**EXERCISE:**
Set down the full listing exactly as given. Any pictures are to be left out.

**GIVEN MATERIAL:**
■ ■ ■ ■ ■ ■ ■

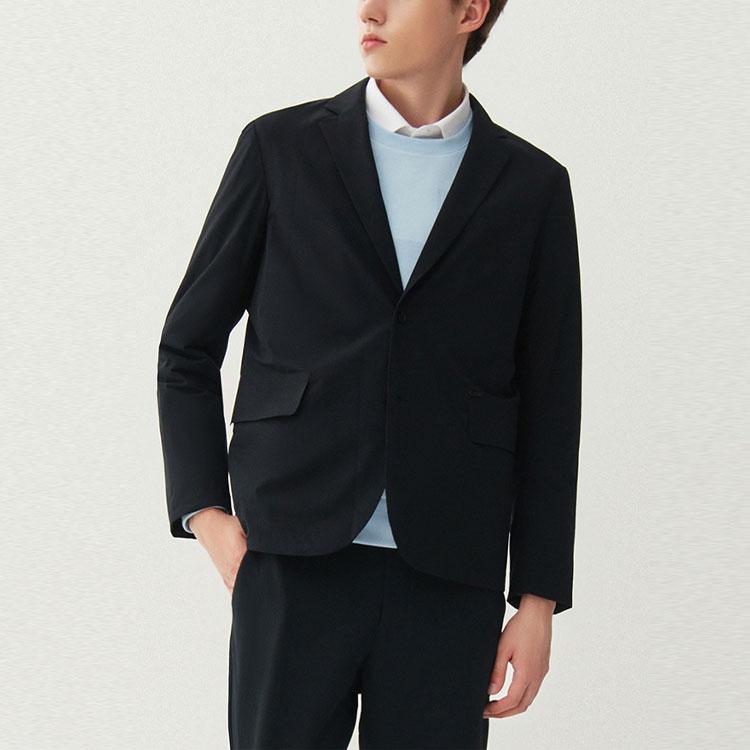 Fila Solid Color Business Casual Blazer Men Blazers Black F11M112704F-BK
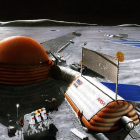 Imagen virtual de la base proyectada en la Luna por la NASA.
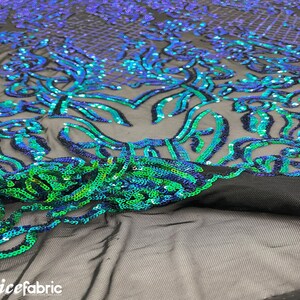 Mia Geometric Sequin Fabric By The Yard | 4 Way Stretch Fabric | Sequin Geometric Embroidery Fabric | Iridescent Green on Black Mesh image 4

■ ■ ■ ■ ■ ■ ■

**OUTPUT:**
 Fila Solid Color Business Casual Blazer Men Blazers Black F11M112704F-BK
 Imagen virtual de la base proyectada en la Luna por la NASA.
 Mia Geometric Sequin Fabric By The Yard | 4 Way Stretch Fabric | Sequin Geometric Embroidery Fabric | Iridescent Green on Black Mesh image 4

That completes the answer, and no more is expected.